(Available records)

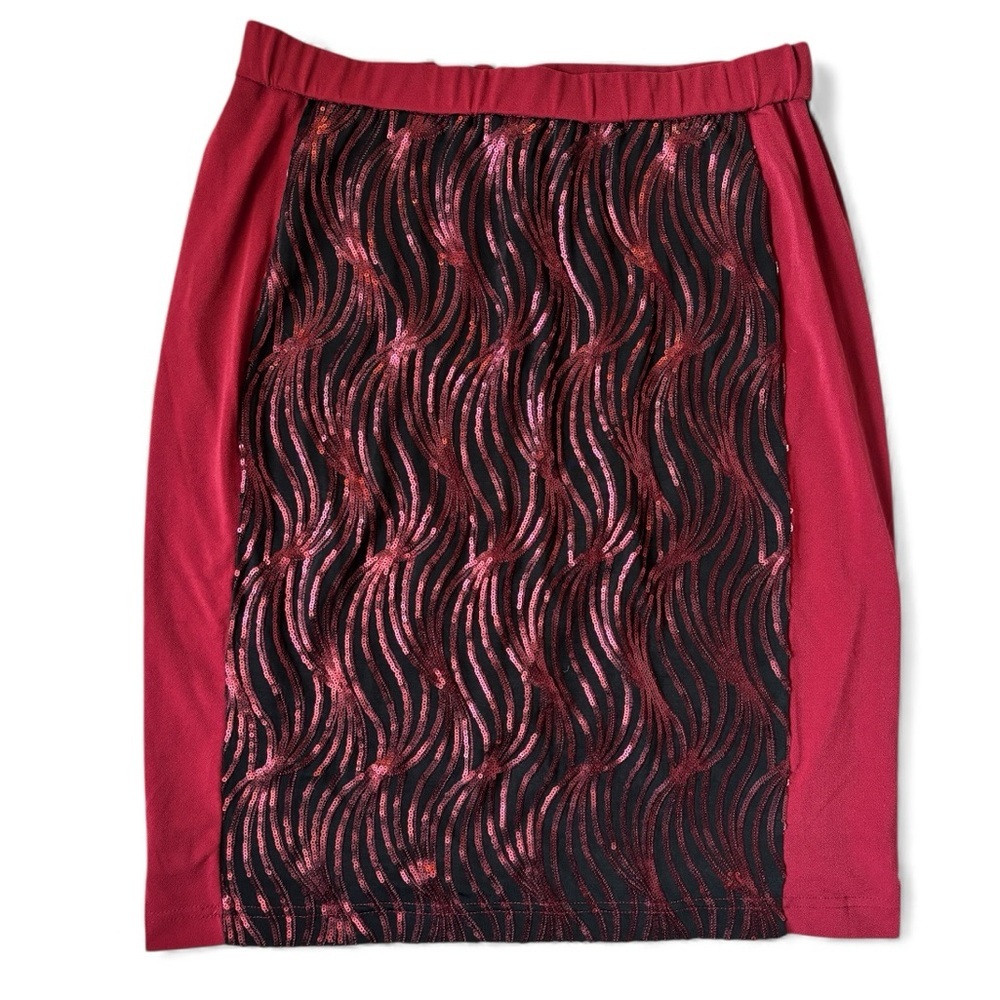 Bob Mackie Wearable Art Red Black Sequin Wave Stretch Midi Skirt Size M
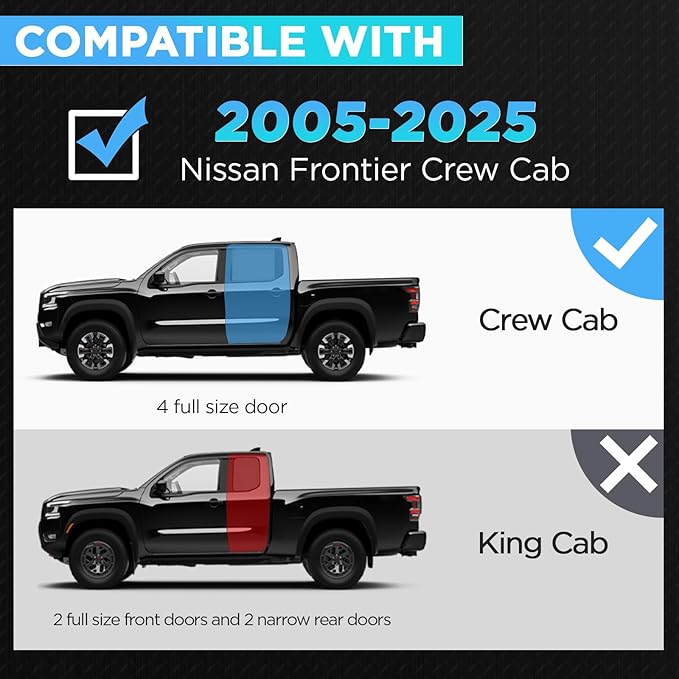 PZ Running Boards Compatible with 2005-2025 Nissan Frontier Crew Cab (4 Full Doors), Drop Side Steps Black Heavy Duty Carbon Steel Rails Nerf Bars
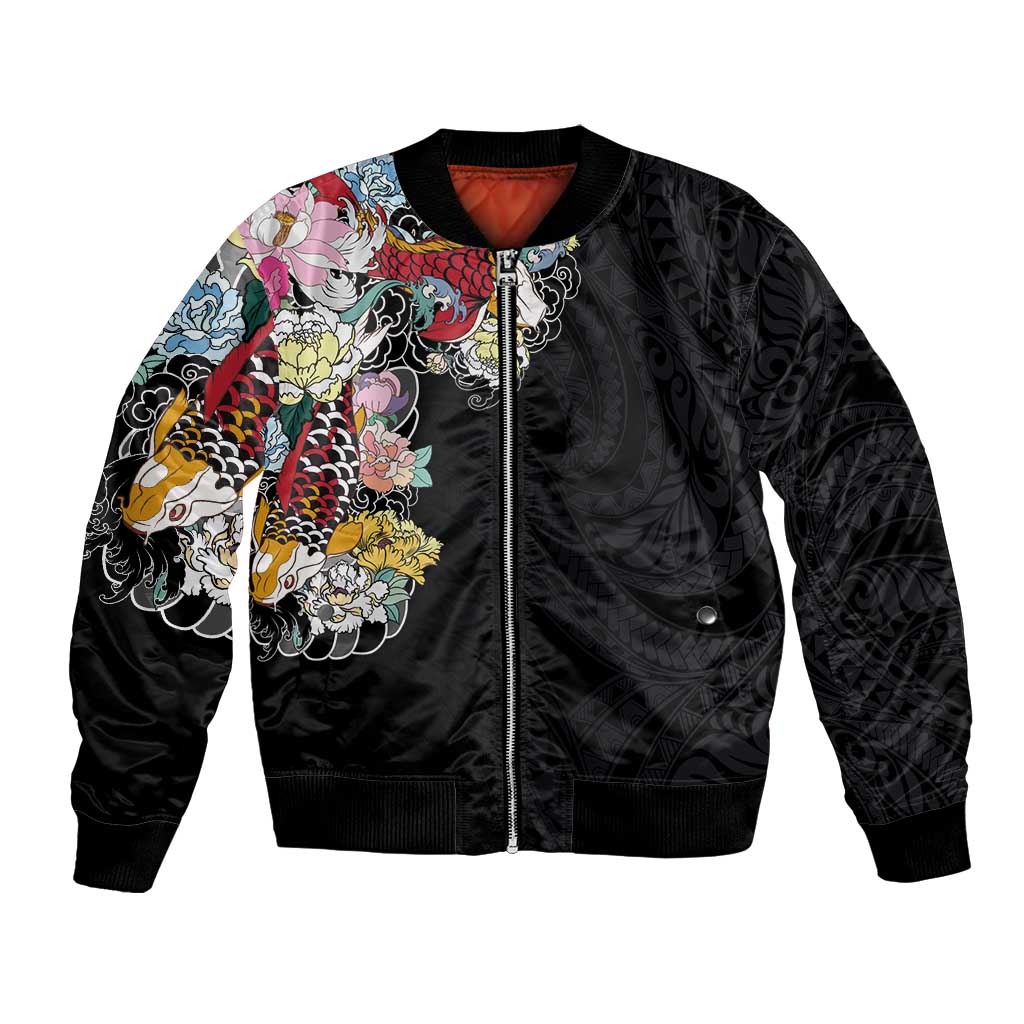 Hawaiian and Japanese Together Bomber Jacket Colorful Traditional Japanese Tattoo and Kakau Pattern Black Color LT03 Unisex Black - Polynesian Pride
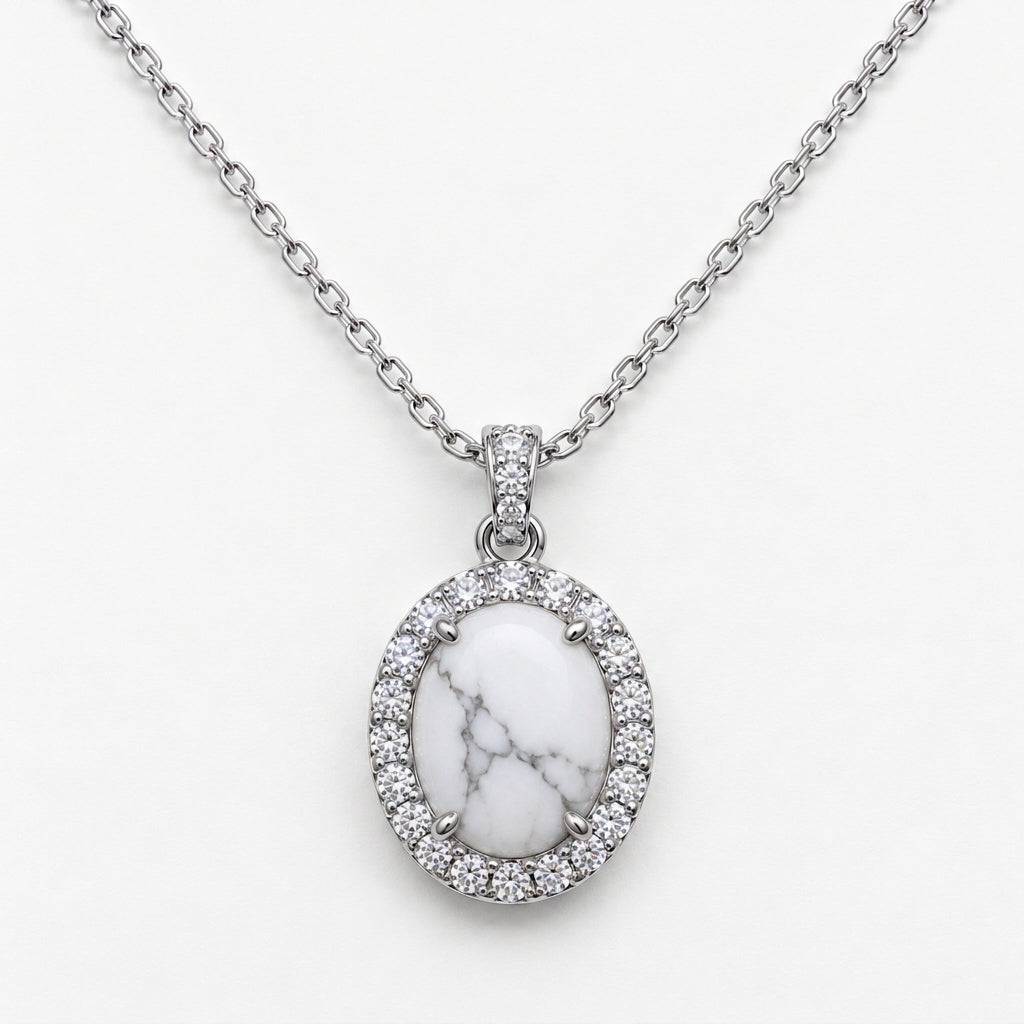 Genuine White Howlite Oval Halo Necklace (Choose your plating)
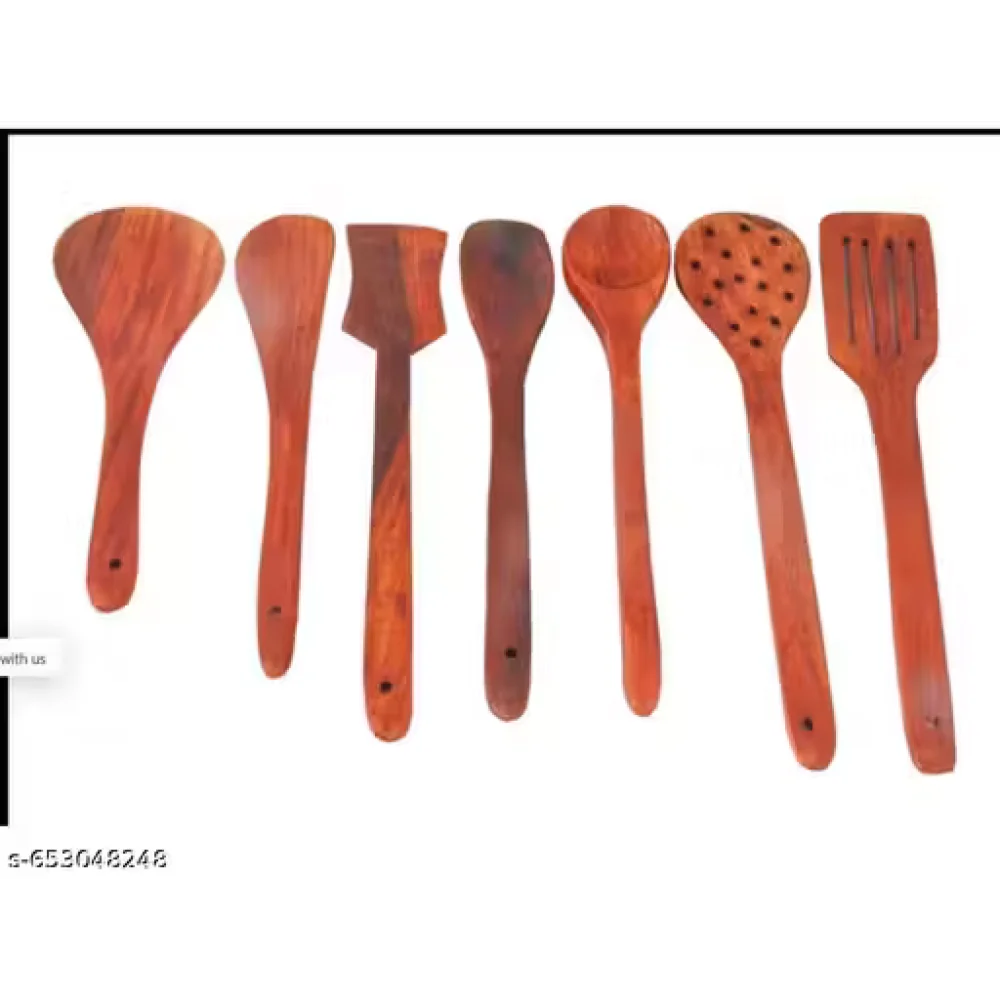 Kitchen Wooden Tools Set of 7 | Wooden Spatula & Cooking Spoon Set | Non-Stick Safe Utensils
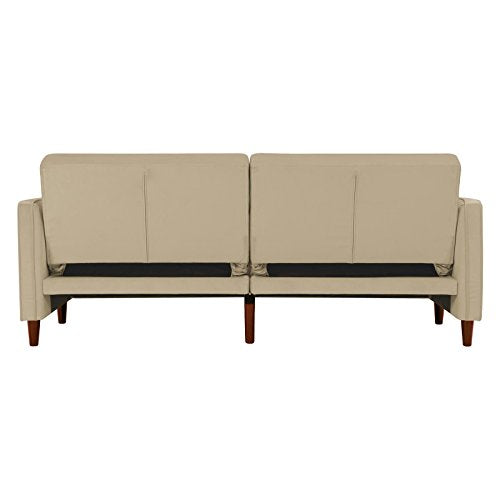 DHP Pin Velvet Convertible Sleeper Sofa in Gray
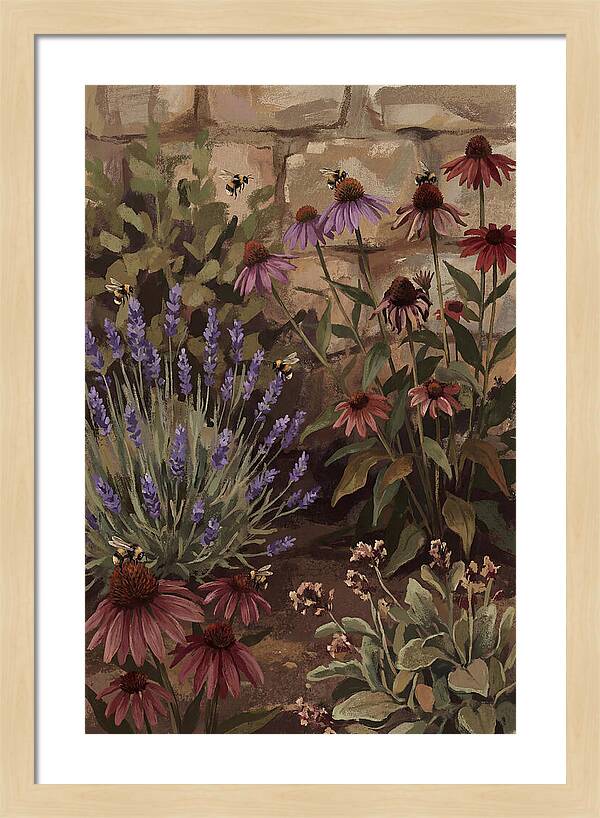Garden Bees Among Lavender Blooms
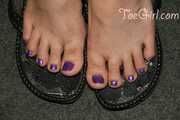 Purple Pedicure in Toe Bondage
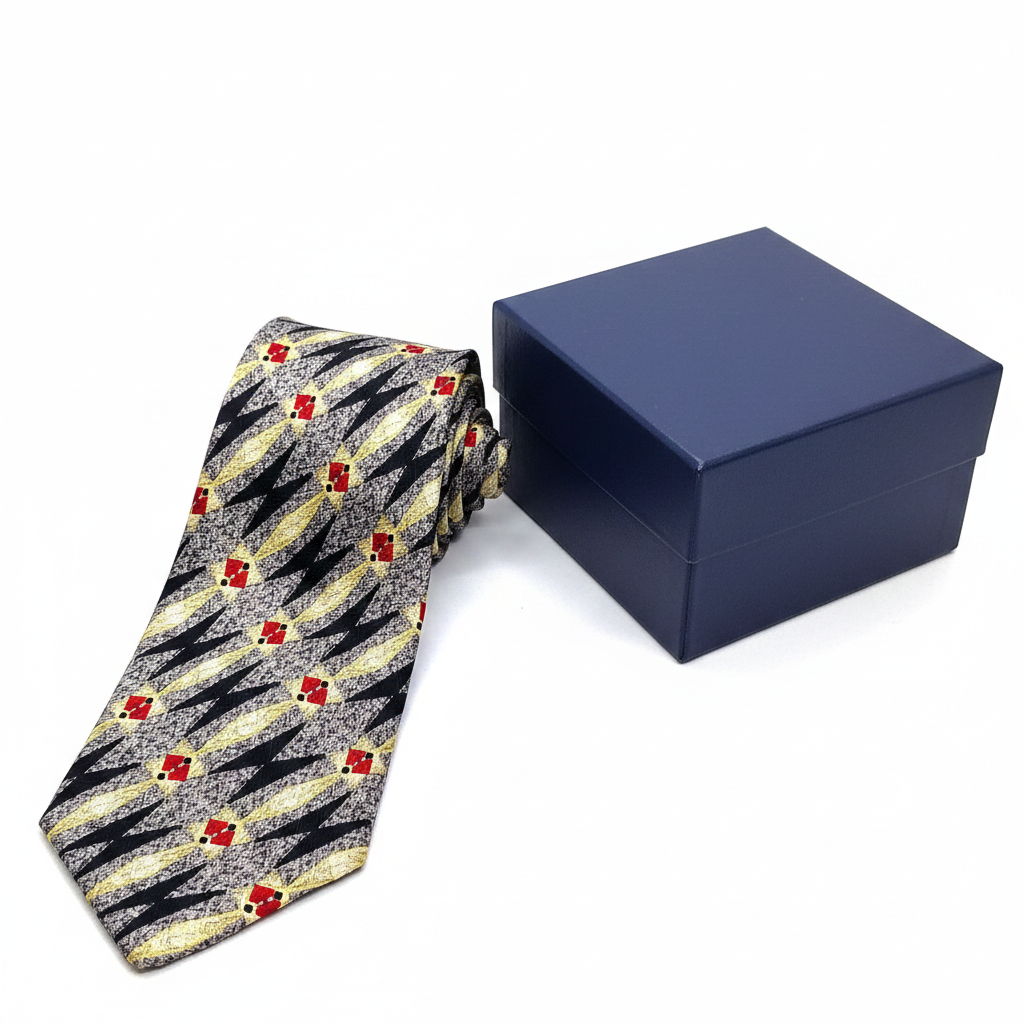 A jacquard silk necktie with a geometric pattern in black, gray, yellow, and red colors.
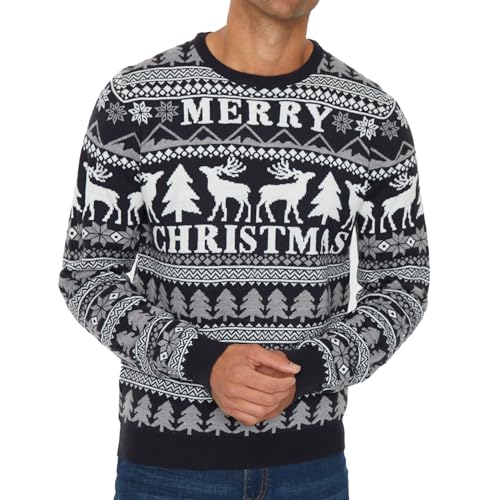 NOROZE Herren Weihnachtspullover Unisex Lustig Neuheit Faire Insel Weihnachtsmann Party Frech Hässlich Xmas Gestrick Damen Jumper Pulli (S, Fröhliche Weihnachten Marine) von NOROZE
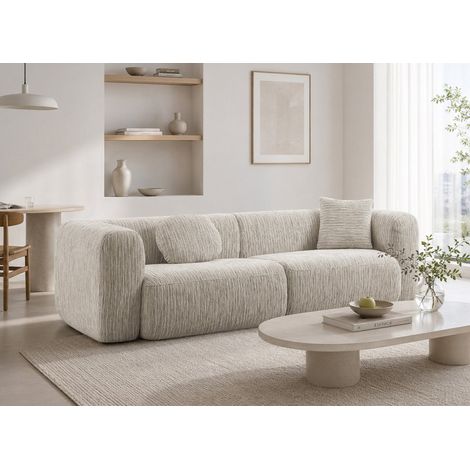 Canapé droit 3 places en velours texturé beige SAMANTHA (1/5)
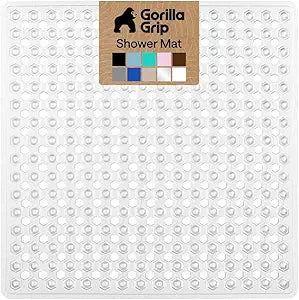 GORILLA GRIP Patented Square Shower Stall Mat, Small Bathtub Floor Mats for Stand Up Showers with Suction Cups and Drainage Holes, Machine Wash, Soft on Feet, Bathroom Accessories 21x21 Inch, Clear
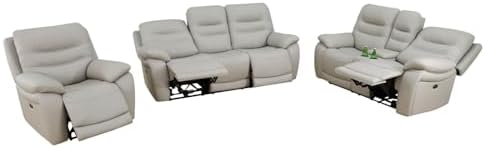 Electric Power Reclining Sofa Set, Genuine Breathing Leather Recliner Couch Set by UOCFYK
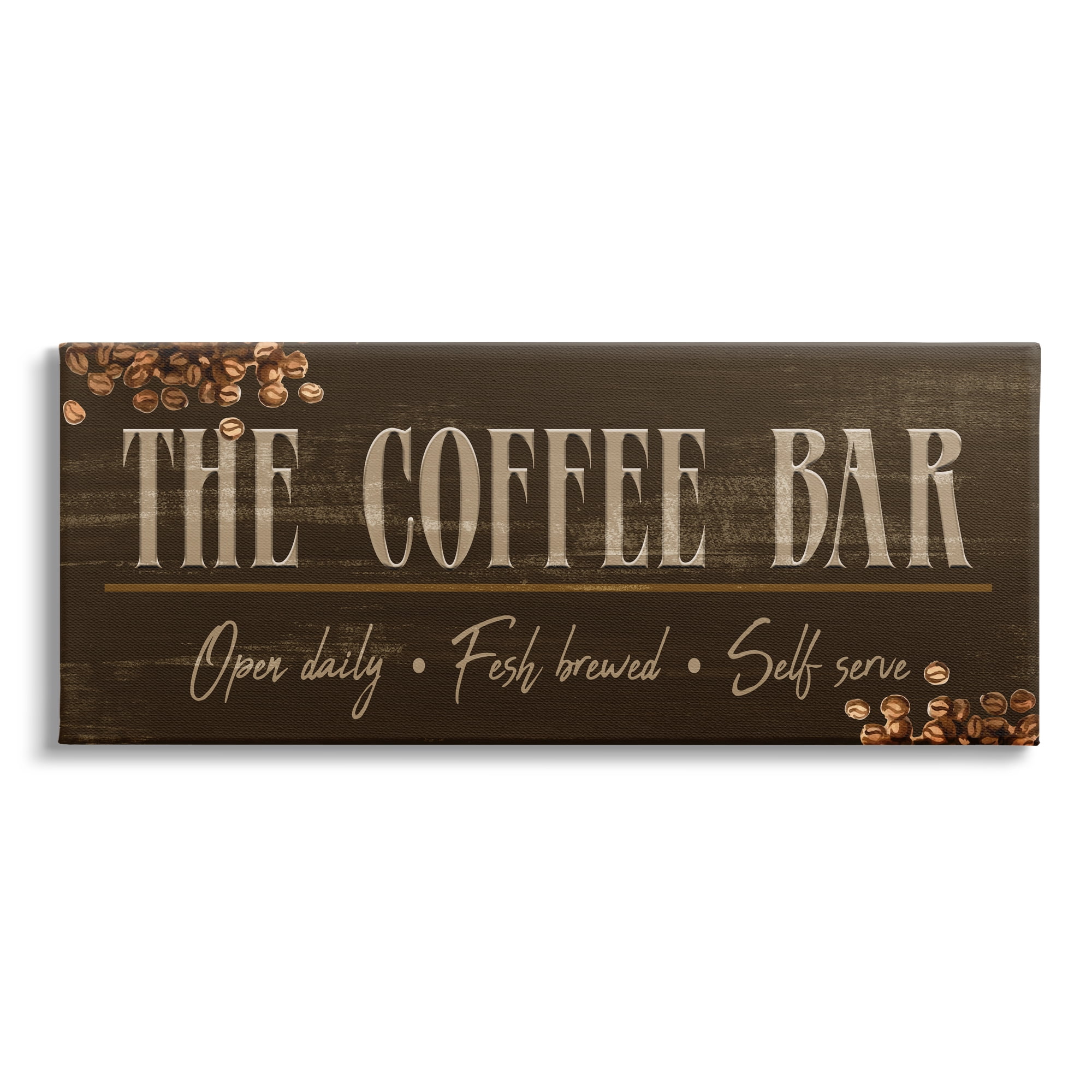 Stupell Industries Rustic Coffee Bar Sign Food & Beverage Painting Gallery Wrapped Canvas Art Print Wall Art, 24 x 10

(End Available records)

# [What to produce]
What you need to retype is every line from the one that has "Purple Pedicure in Toe Bondage" through the last line of the listing, both included, with the pictures left out.

# [Task response]
 Purple Pedicure in Toe Bondage
 A jacquard silk necktie with a geometric pattern in black, gray, yellow, and red colors.
 NOROZE Herren Weihnachtspullover Unisex Lustig Neuheit Faire Insel Weihnachtsmann Party Frech Hässlich Xmas Gestrick Damen Jumper Pulli (S, Fröhliche Weihnachten Marine) von NOROZE
 Canapé droit 3 places en velours texturé beige SAMANTHA (1/5)
 GORILLA GRIP Patented Square Shower Stall Mat, Small Bathtub Floor Mats for Stand Up Showers with Suction Cups and Drainage Holes, Machine Wash, Soft on Feet, Bathroom Accessories 21x21 Inch, Clear
 Electric Power Reclining Sofa Set, Genuine Breathing Leather Recliner Couch Set by UOCFYK
 Stupell Industries Rustic Coffee Bar Sign Food & Beverage Painting Gallery Wrapped Canvas Art Print Wall Art, 24 x 10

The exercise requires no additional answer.